Business 12 September 2007, Wednesday 0 0 0 0
İBRAHİM ÖZTÜRK
i.ozturk@todayszaman.com

Trading less growth for more problems

According to the latest statistics, Turkey’s growth performance deteriorated dramatically in the second quarter of 2007 -- a process is expected to deepen further.
Like fast growth, slower growth performance will create serious drawbacks. So which is better for Turkey -- rapid or slower growth?

We define economics in introductory courses as “the science of scarce resources,” meaning that there is no such thing as a free lunch. Turkey recorded an annual 7 percent uninterrupted growth rate over the last five years. This is one of the highest rates not only among Organization of Economic Cooperation and Development (OECD) countries, but also other emerging market economies.

There have been three striking aspects of Turkey’s high growth performance since 2001. Firstly, despite high growth there has been a dramatic decline in consumer inflation from almost 69 percent in 2001 to 7.4 percent as of August 2007. The underlying reason behind this positive process is obviously the surge in both labor and total productivity.

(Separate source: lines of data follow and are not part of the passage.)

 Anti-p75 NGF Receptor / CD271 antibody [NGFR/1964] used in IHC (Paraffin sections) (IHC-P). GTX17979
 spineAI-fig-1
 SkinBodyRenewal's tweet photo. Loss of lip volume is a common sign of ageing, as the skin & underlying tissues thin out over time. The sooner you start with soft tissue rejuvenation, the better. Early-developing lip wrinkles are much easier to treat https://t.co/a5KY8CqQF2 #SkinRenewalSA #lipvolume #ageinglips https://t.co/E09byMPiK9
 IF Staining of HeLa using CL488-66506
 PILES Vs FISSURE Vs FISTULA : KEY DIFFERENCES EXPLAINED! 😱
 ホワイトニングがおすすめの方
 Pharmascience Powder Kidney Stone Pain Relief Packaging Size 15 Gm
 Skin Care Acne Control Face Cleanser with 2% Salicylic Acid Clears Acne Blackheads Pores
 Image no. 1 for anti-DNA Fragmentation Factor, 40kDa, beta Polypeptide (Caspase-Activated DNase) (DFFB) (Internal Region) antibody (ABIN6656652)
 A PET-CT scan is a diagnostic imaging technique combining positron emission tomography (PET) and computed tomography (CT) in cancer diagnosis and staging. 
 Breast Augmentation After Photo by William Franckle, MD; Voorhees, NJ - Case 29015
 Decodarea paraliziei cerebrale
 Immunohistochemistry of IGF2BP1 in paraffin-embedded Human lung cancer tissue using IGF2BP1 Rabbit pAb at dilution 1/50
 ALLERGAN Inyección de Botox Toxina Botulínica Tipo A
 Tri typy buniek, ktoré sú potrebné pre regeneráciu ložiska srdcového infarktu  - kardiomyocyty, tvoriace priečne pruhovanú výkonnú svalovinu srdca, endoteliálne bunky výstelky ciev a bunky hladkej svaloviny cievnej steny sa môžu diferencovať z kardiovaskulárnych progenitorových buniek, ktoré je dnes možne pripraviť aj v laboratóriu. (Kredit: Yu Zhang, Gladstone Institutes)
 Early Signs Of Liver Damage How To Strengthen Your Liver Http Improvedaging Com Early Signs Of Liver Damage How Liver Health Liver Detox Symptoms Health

Secondly, fast growth has not led to a significant decline in Turkey’s record level of unemployment (around 10 percent) due to a productivity surge, declining labor-intensive industries and structural transformation of the agricultural sector, where the share of employment is still around 28 percent, as compared to the 3 percent EU average. We can say that growth created significant employment, but that it has not been a satisfactory performance to absorb the new entrants into the labor market, which have totaled around 800,000 per year.

Thirdly, high growth was achieved at the expense of a record level current account deficit (almost 8 percent of gross domestic product, GDP, in 2006) and therefore resulted in high import dependency. This underlines the fact that Turkey’s sustainable growth potential has not yet been restored. In that regard import dependency at almost every level of production, lack of financial resources because of an ever-increasing savings-investment gap, deficiencies in human capital due to historical collapse in technical education, severe problems in social, economic and political infrastructure and chronic high production costs caused by several categories of taxes are the most urgent fields to reform and improve.

Since the first half of 2006 there has been a problem in achieving inflationary targets and controlling the growing account deficit. Therefore the Central Bank of Turkey has been applying policy to control inflation according to announced targets. As a matter of fact, according to the latest statistics, the GDP growth rate was 5.2 percent in the first half of 2007, well below the average of the last five years.

When we look at aggregate demand components from the given table, it is seen that private final consumption also followed the process of contraction. This is good news for inflation. However, due to the double elections this year, fiscal discipline has been relaxed considerably and public expenditures increased dramatically. Therefore public sector contribution to inflation is no longer helpful. I expect that its positive impact will be visible once again in the last quarter. The quality of public expenditure is also questionable.

Still, gross fixed-capital formation is well above the growth rate, indicating continuation of investment and export-driven production performance. However, as the growth slows the rate of unemployment will remain high. The ultimate question is when Turkey will be able to achieve a higher growth rate, so as to converge with the European average, without leading to a major inflationary deviation and with an acceptable level of current account deficit? The success of the Justice and Development Party (AK Party) government in its second term and the fate of the country are closely linked with the performance of Turkey at this critical point.